This bread pudding is a soft custard even more tender than a flan, and all of the sugar is in sauce at the bottom of the double boiler, until you invert it.  This allows a rustic mix of flavors, as the ingredients are layered into the pot, and cooked gently for a couple of hours, and then allowed to rest before being turned out.  The recipe is so simple, but I have fancied it up with Cognac, vanilla bean, and freshly grated cinnamon and nutmeg if you like.  You could do many variations: almond extract, ginger, different types of bread, bourbon instead of Cognac, dried fruits– I have been thinking about this while it simmers away. I would swoon with adjectives telling you how it tasted, but I feel like the pictures speak for themselves.  If you have ever had a good custard, or a good hard sauce, well, this is lot of flavors you may have had– but all together in layers. I had made it twice, and will be making it many more times.

This was our Christmas dinner dessert that followed an epic fresh ham roasted in the oven.  The ham came from North Carolina, and the bain marie came from Tucson.  Fresh ham is not the pink smoked/ cured things you see in the store.  Ham merely refers to a cut of meat, not the salty flavor of cold cuts after curing and smoking the meat. A fresh ham is like a big pork roast that cooks slow, has lots of healthy fat, and the most wonderful pan drippings (especially when braised with white wine). We brined the ham in fresh rosemary, garlic, onion, celery, cloves, salt and sugar. Then we roasted it for about 6 hours.

But back to the pudding.  It was quite the encore.  It is very simple.

The night before, or the morning before, take the raisins and put them in a jar with the Cognac with the lid on. Let them plump.
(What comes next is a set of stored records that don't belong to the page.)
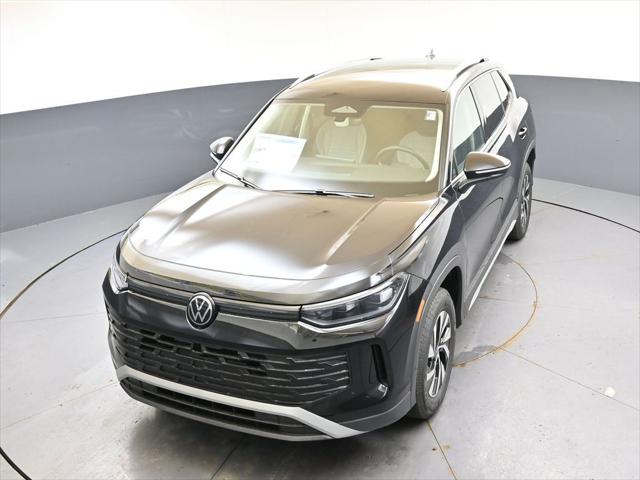 2026 Volkswagen Tiguan S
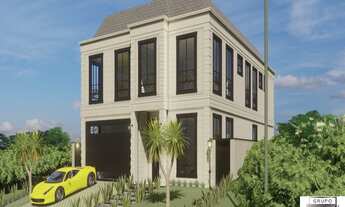 Imagem 2: Sobrado com 5 dormitórios à venda, 390 m² - Alphaville Nova Esplanada I - Votorantim/SP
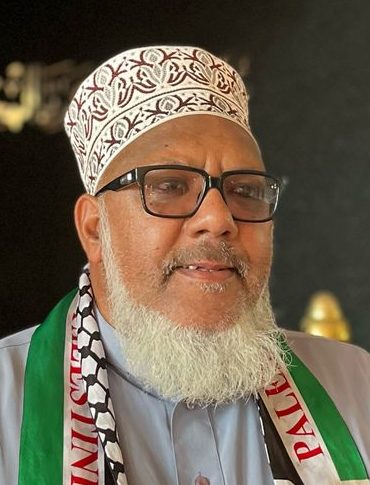Naeem Abrahams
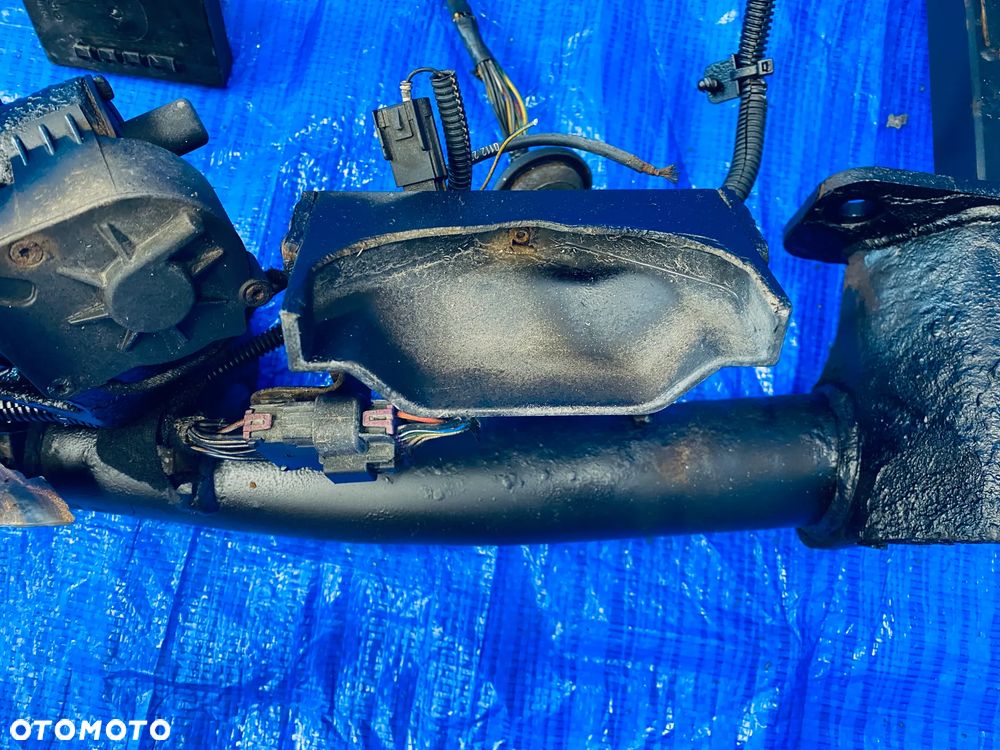 HAK HOLOWNICZY SKŁADANY BELKA KULA MODUŁ WIĄZKA OPEL INSIGNIA A KOMBI 2008- ; ORYGINAŁ - 10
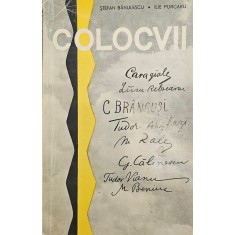 Ștefan Bănulescu, Ilie Purcaru, Colocvii, 1964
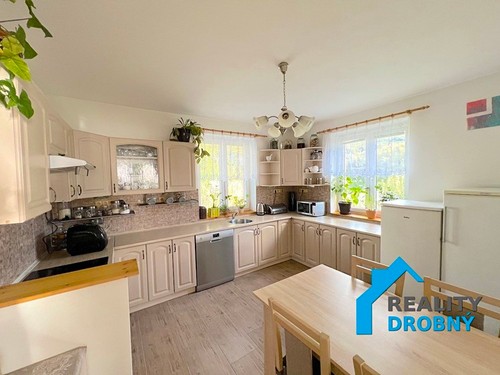 Prodaný dům 125 m², pozemek 934 m²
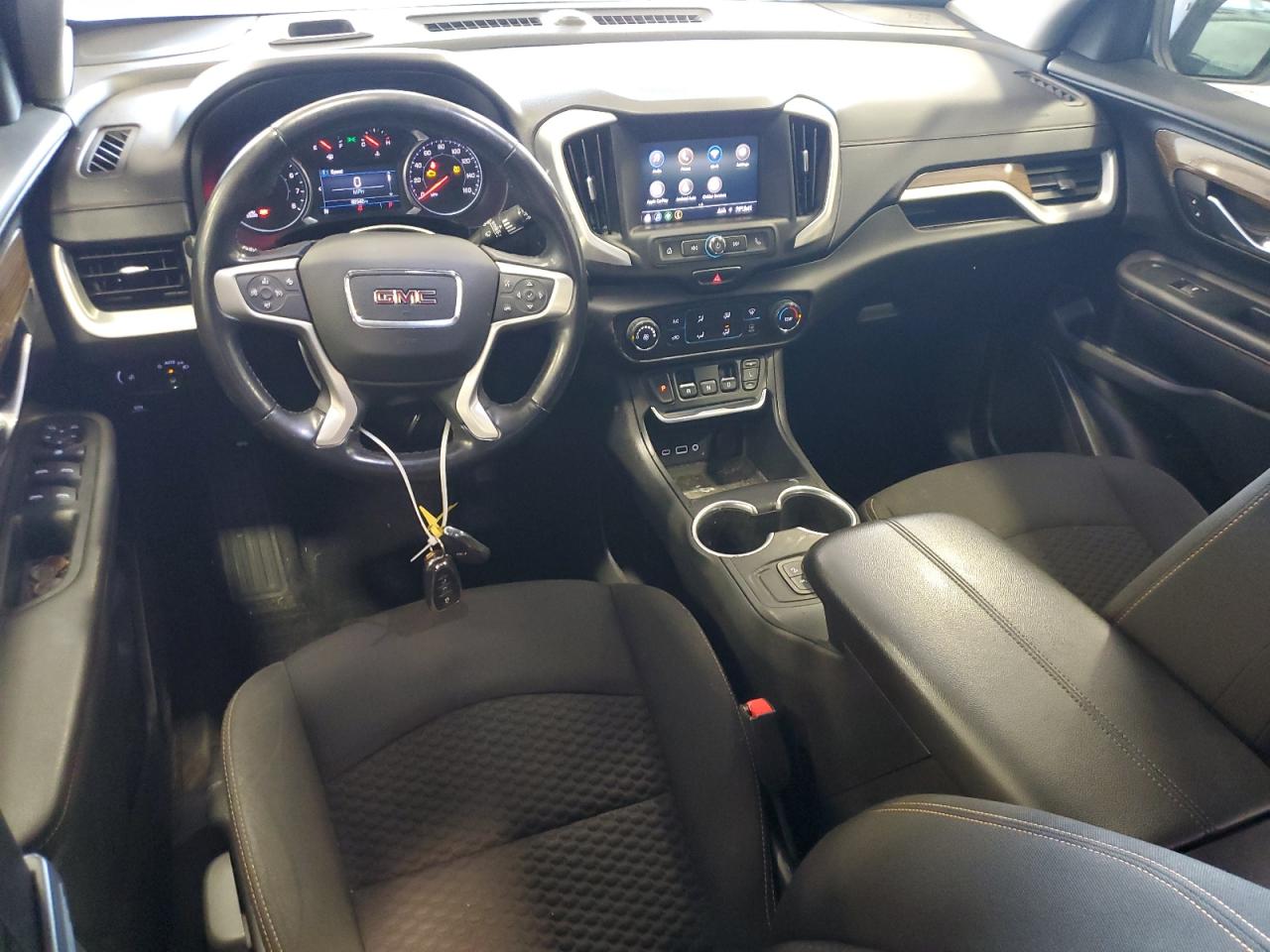 2020 GMC Terrain Sle VIN: 3GKALMEV4LL303088 Lot: 71610425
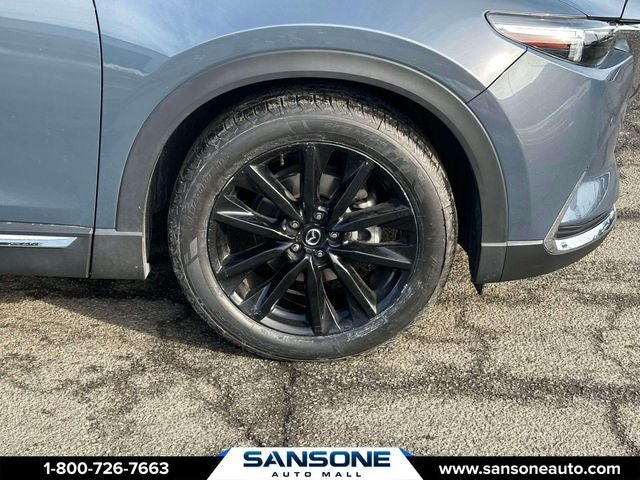 2023 Mazda Mazda CX-9 Carbon Edition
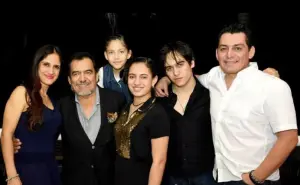 ¿Quiénes son los hijos de Joan Sebastian?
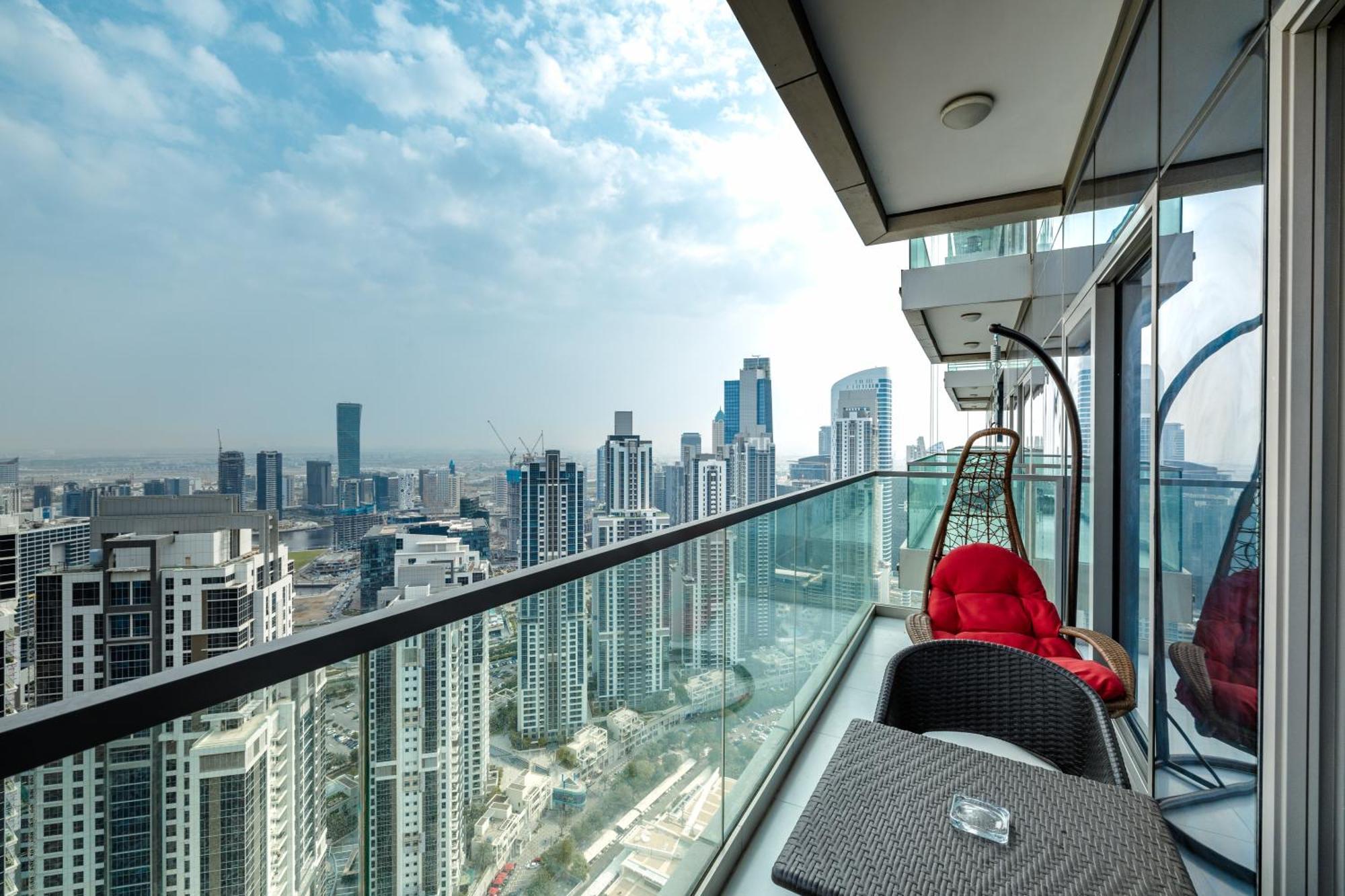 Aliving Luxe 2br With Burj Khalifa View Infinity Pool Midtown-4704 Dubai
When you are ready to make the pudding, begin to layer the ingredients into a double boiler.

brown sugar

place bread and raisin mixture on top of brown sugar– do not mix

place the bottom of the bain marie on the stove, fill with about 3 inches of water

place the insert filled with sugar and bread into the bottom of bain marie

pour the custard mixture of egg, milk, salt, vanilla bean over the bread– do not mix

pulling away from the sides

Bain Marie Custard Bread Pudding


                    • 3/4 cup brown sugar
                    • 1/2 cup raisins
                    • 1/4 cup Cognac
                    • 3-4 slices of bread (such as cracked wheat sourdough) cut into 1 inch squares or torn
                    • zest of half an orange
                    • 1 tsp cinnamon
                    • 1/4 tsp nutmeg
                    • 3 eggs
                    • 2 cups whole milk
                    • 1/2 vanilla bean, scraped
                    • 1/4 tsp salt


  1. Plump raisins in Cognac for several hours.
  2. Spread brown sugar evenly into bain marie insert pan.
  3. Toss bread with raisins, Cognac, orange zest, cinnamon, nutmeg.  Layer the bread over the brown sugar, DO NOT MIX with the sugar.
  4. Whisk the eggs, milk, and scraped vanilla bean seeds and salt together until creamy and pale yellow.  Set aside.
  5. Add water to the bottom pan of the double boiler/ bain marie– about 3 inches, and place it on the stove.  Place the insert pan (with sugar and bread layers inside) into the bottom pan.
  6. Pour the custard (milk and egg) mixture over the bread.  DO NOT MIX. Cover with a lid, leaving at least a couple of inches of space from the top of the pot for the custard to rise.
  7. Heat on medium-high until water is boiling, then reduce to medium. Cook for 1 1/2 to 2 hours, checking after 45 minutes to add more water to the bottom pan.  I added water twice, and cooked for 2 hours.
  8. When the pudding is done it will be very soft like a flan, but pull away from the sides of the pot slightly when gently pressed.  Turn the heat off.  Leave the lid on, and let the pudding rest for one hour.  It will still be warm.  Turn the pudding out onto a platter with enough room/ depth for the sauce to pool around it.  Slice and serve warm, spooning the sauce over each piece.  Refrigerate any remaining pudding at this point.